### EXERCISE PROMPT
Reproduce the entries that follow exactly, dropping each image.

*** Opening AVAILABLE RECORDS ***

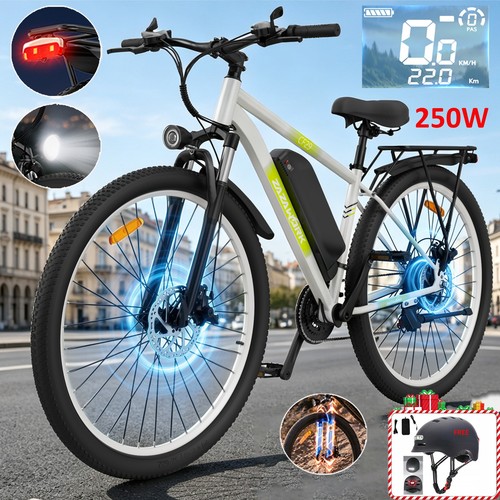 Electric bike adult - adult, 48v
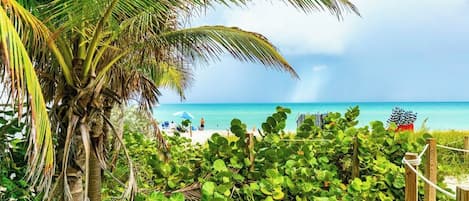 Sun loungers, beach towels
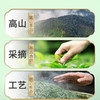 2026新茶上市明前春茶碧螺春绿茶258g*2袋4星 商品缩略图6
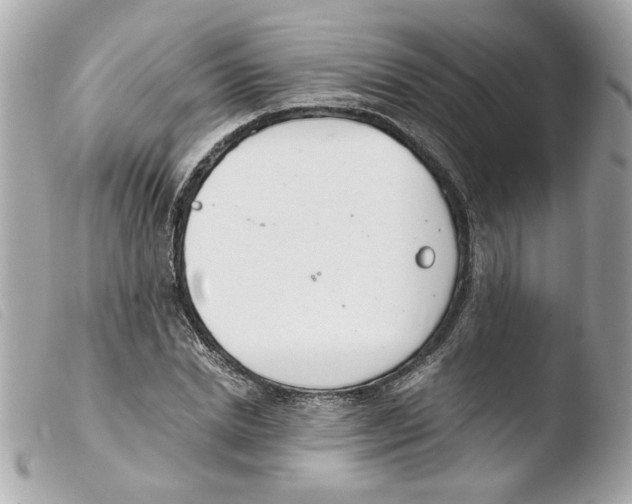 X0000103480830200810100957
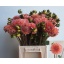 product/img.floraplaza.nl/24214-45-LIVE_fotos-0xF4A87D8D1197A4CC72A532AE8C9F588FDE73C59F.jpg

*** Closing AVAILABLE RECORDS ***

### ANSWER BOX
 Electric bike adult - adult, 48v
 Sun loungers, beach towels
 2026新茶上市明前春茶碧螺春绿茶258g*2袋4星 商品缩略图6
 X0000103480830200810100957
 product/img.floraplaza.nl/24214-45-LIVE_fotos-0xF4A87D8D1197A4CC72A532AE8C9F588FDE73C59F.jpg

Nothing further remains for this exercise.